Plant remains from the distant past tell the story of how cereal domestication began
Cereals were domesticated in Syria long before they appeared in Iraq or Iran.
Ancient plant remains suggest that the domestication of cereals, which led to the beginning of agriculture, appeared at different times in the Levant and in the eastern Fertile Crescent. Some countries, such as ancient-days Turkey, Iran and Iraq, saw Neolithic populations exploiting legumes, fruits and nuts long before they cultivated cereals.
Past studies have highlighted two main hypotheses to describe and explain the beginnings of plant domestication. In the 1990s, the belief was that domesticated plants had first appeared in Turkey, and that this was a rapid process that spread to the neighbouring regions in a short space of time.
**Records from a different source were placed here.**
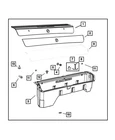 Genuine Mopar Inside Release Handle 68067517AA New. Price: $30.32.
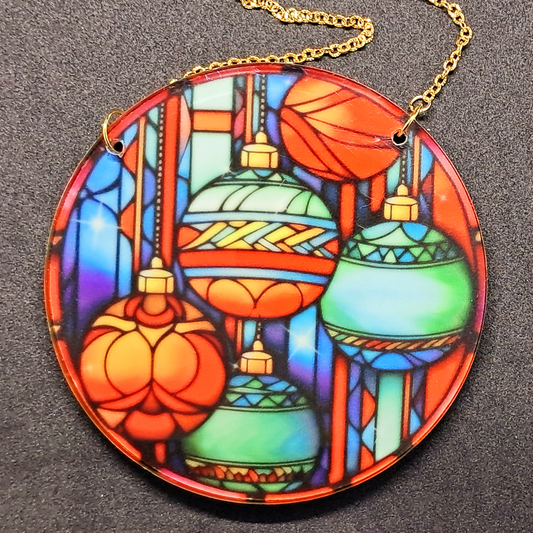 Stained glass hanging - Ornaments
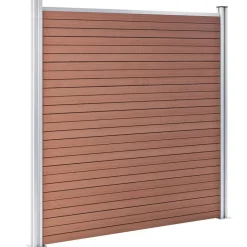 vidaXL Clôture de jardin WPC 699x186 cm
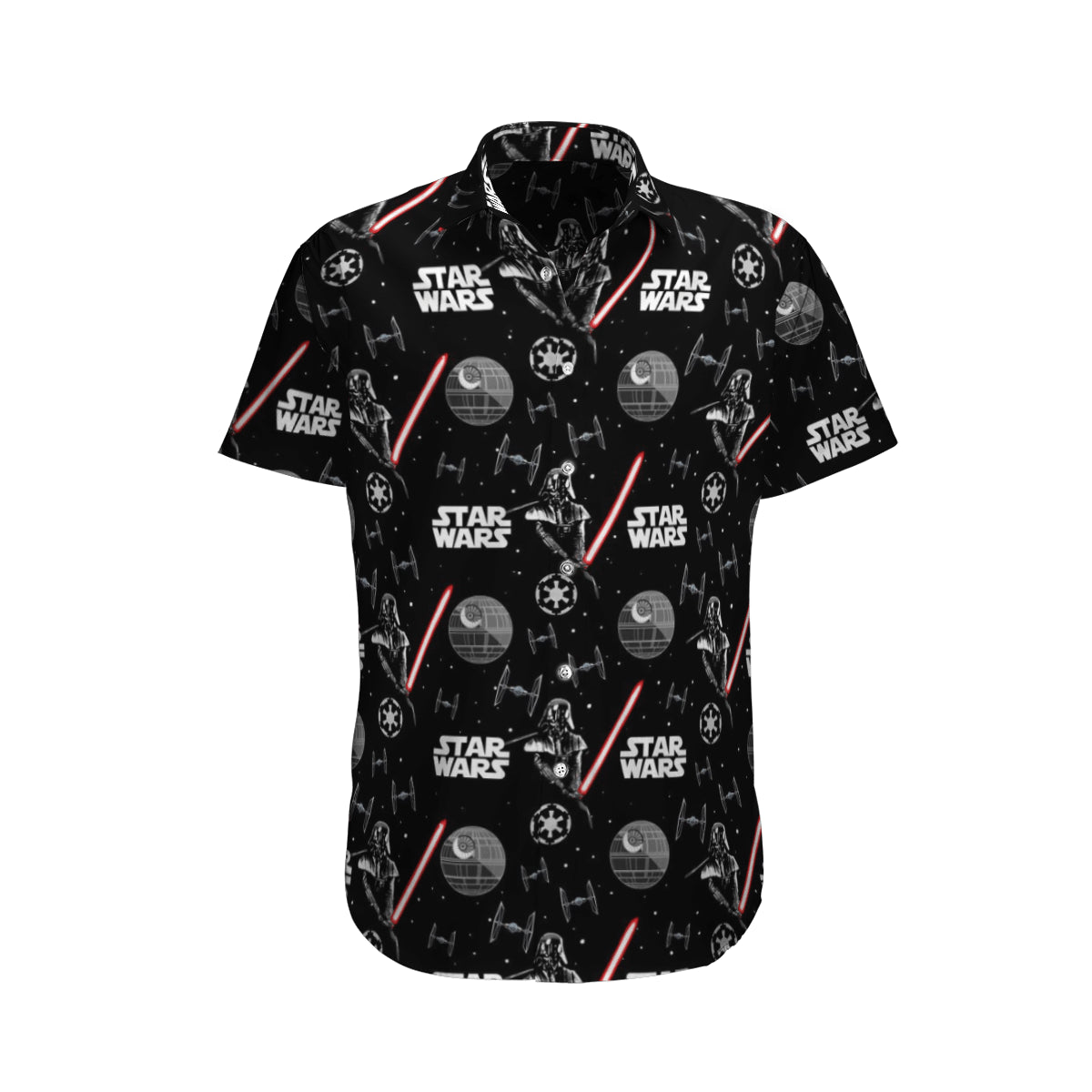 S Darth Vader With Light Sword Black Hawaiian Shirt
In contrast, the recent dominant theory is that cereal domestication was a protracted process that developed all over the Middle East from 11,600 to 10,700 years ago. However, it remained unclear whether domestication happened at the same time in the different countries or if there was regional diversity.
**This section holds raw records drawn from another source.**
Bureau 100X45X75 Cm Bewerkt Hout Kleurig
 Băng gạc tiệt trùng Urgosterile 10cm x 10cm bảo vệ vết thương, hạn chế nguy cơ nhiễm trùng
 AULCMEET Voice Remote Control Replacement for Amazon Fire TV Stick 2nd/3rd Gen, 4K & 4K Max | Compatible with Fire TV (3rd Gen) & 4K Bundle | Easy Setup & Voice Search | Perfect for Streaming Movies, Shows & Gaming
In the new research, published in PNAS, researchers have tried to answer this question. They have shown that the cultivation of cereals during the Neolithic was only common in the southern-central Levant – such as in southern Syria. It took more time to arrive in other regions of the eastern Fertile Crescent – such as Iraq, Iran and southern Turkey.
Legumes rather cereals
The researchers started working at the archaeological Neolithic site of Tell Qarassa North in southern Syria. There, plant remains suggest that by 10,700 years ago cereals such as barley were being cultivated in important proportions. The study presents it as one of the earliest sites in the Middle East with evidence of morphologically domesticated wheat and barley.
But when the scientists from the University of the Basque Country and the University of Copenhagen looked at the evidence from sites located in the eastern Fertile Crescent, they found no evidence of similar practices at this time.
Their analysis suggests that domesticated-type cereals only appeared around 400 to 1,000 years later in Iraq, Iran and southern Turkey. Legumes, fruits and nuts likely dominated people's diets until then.
"It was surprising to discover that despite being considered very important, and despite their dominant role in our agriculture, domesticated cereals might not have been so important in Neolithic times, in many regions" study author and archaeobotanist Amaia Arranz Otaegui told IBTimes UK.
"On most of the archaeological sites, researchers usually focus on cereal remains despite the archaeological often being quite poor. I would like to shift this focus and have us look at the record for other plants, because that may help us better understand ancient cultures and better characterise their agriculture".
The study thus emphasises the need to re-assess the importance that scientists attribute to cereals such as wheat and barley and to investigate past exploitation of other plants such as lentils, beans and peas because they were potentially crucial to the diets of people living in the eastern Fertile Crescent more than 10,000 years ago.